A former colleague of mine recently sent an e-mail lamenting his lack of summertime productivity and passed along an article that might help others in similar predicaments. The article — from Inside Higher Ed — is one of those dime-a-dozen, pathetic self-help columns with enumerated tips on how to be more “productive,” so on and so forth.

The e-mail and article were both addressing the sad fact that many mid-career academics find it hard to work without external incentive. In other words, after gaining tenure, many so-called “academics” cannot muster the energy to do their craft, to get their academic work done, lacking the bribe of tenure. This seems to be less of an issue concerning writing and productivity — which I’ve written about recently — and more of a sign of the broken, corrupt, and lazy academic culture that, as I noted in my final Chapel Talk, is bred on fear. (It also reveals one of the reasons I was unable, and ultimately unwilling, to stay at Wabash College.)

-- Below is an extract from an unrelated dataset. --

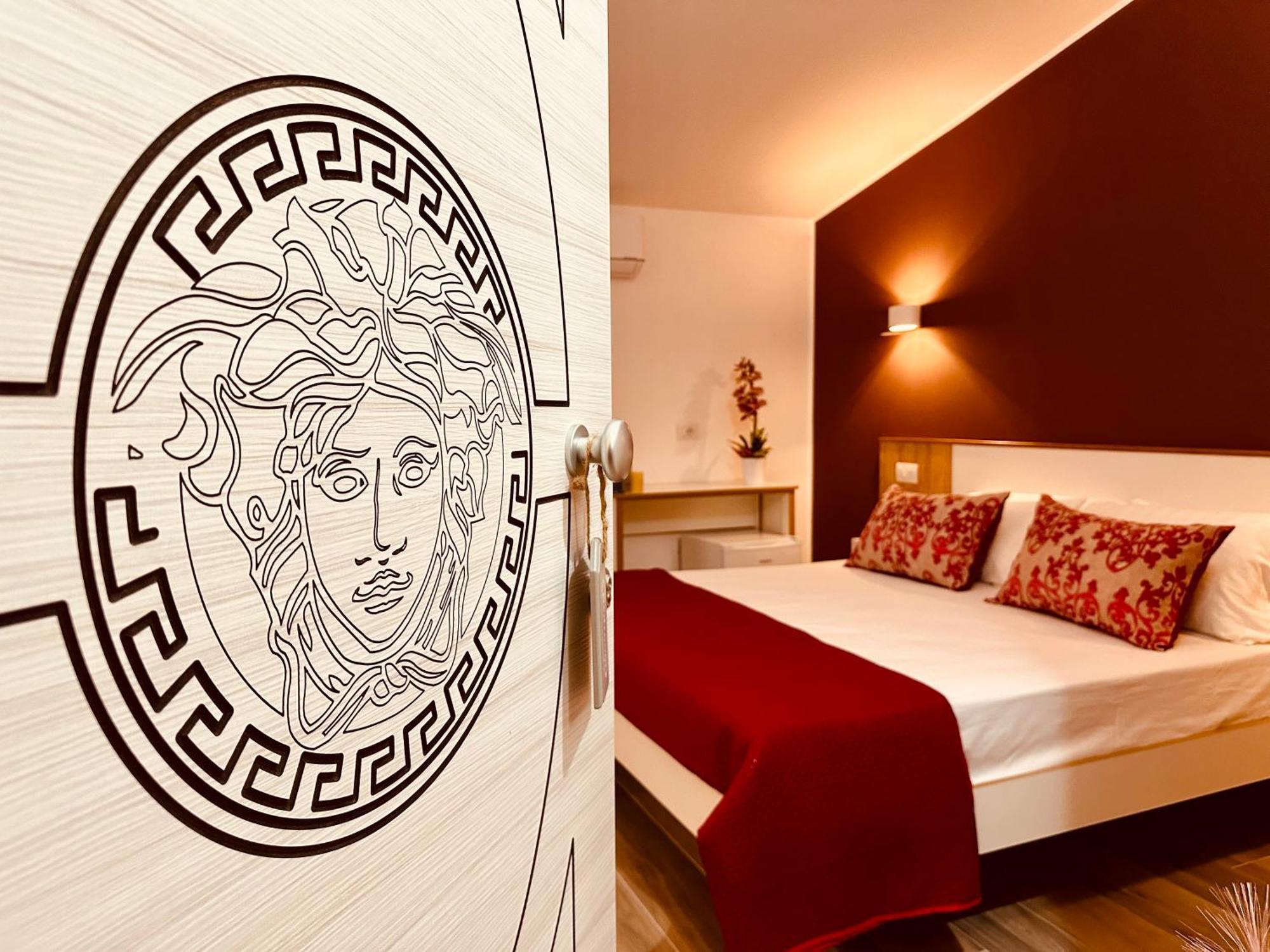 B&B The Sun - Family Rooms Tropea Luaran gambar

It also might be a signal that these struggling mid-career academics should contemplate another line of work. Perhaps their vocation has run its course. Maybe it’s time for an adventure.

If I ever reach the day when I cannot bring myself to do the work that is part of my vocational namesake, I must find other work to do. Believe me: I don’t really like to write, read, play music and the rest. I love it. This means that I am compelled to do it even when I don’t want to, when I don’t like it. My life depends on it. Sure, I’d rather watch TV all day and eat Big Macs, but I’d also be miserable. We are not fully alive when we do what we like, we can only live when we love.

Tenure, as far as I am concerned, is not to be worried about. If I love what I do, am good at it, and work to get better, then, I will do it as best I can, for the sake of the craft itself. If that gets me tenure, so be it. If it does not, then, whether I deserve it or not, I don’t want it. If tenure disappears from the academy, I’ll do my work anyway. You can share that with my dean or president or chair or whoever, wherever. In fact, it is precisely this reason why my work might, just might, be worthwhile. I am not doing this out of fear, motivated by vocational bribery or academic blackmail. I refuse to be enslaved on an academic plantation, however comfortable it may be.

I posted this (edited) comment on the Inside Higher Ed site:

Perhaps the fact that writing is difficult after getting tenure is more a sign that one didn’t really want to write in the first place? If I sweep and mop regularly at gunpoint but find it hard to sweep and mop when I am free to do as I please, it might say less about sweeping and mopping and more about the sad reality that I was not interested in doing that work to begin with. Maybe I once liked the idea of it, but I’m not serious anymore. Writers, serious writers, I know write compulsively, out of a sense of inner motivation, an irrational NEED to write. Tortured writing. They write to survive, to live. That academics don’t feel that burning desire to write might say less about the writing and more about them and their delusions that they are cut out to be doing this kind of work in the first place. It also might explain why so much of what we do write is such rubbish, from form to content.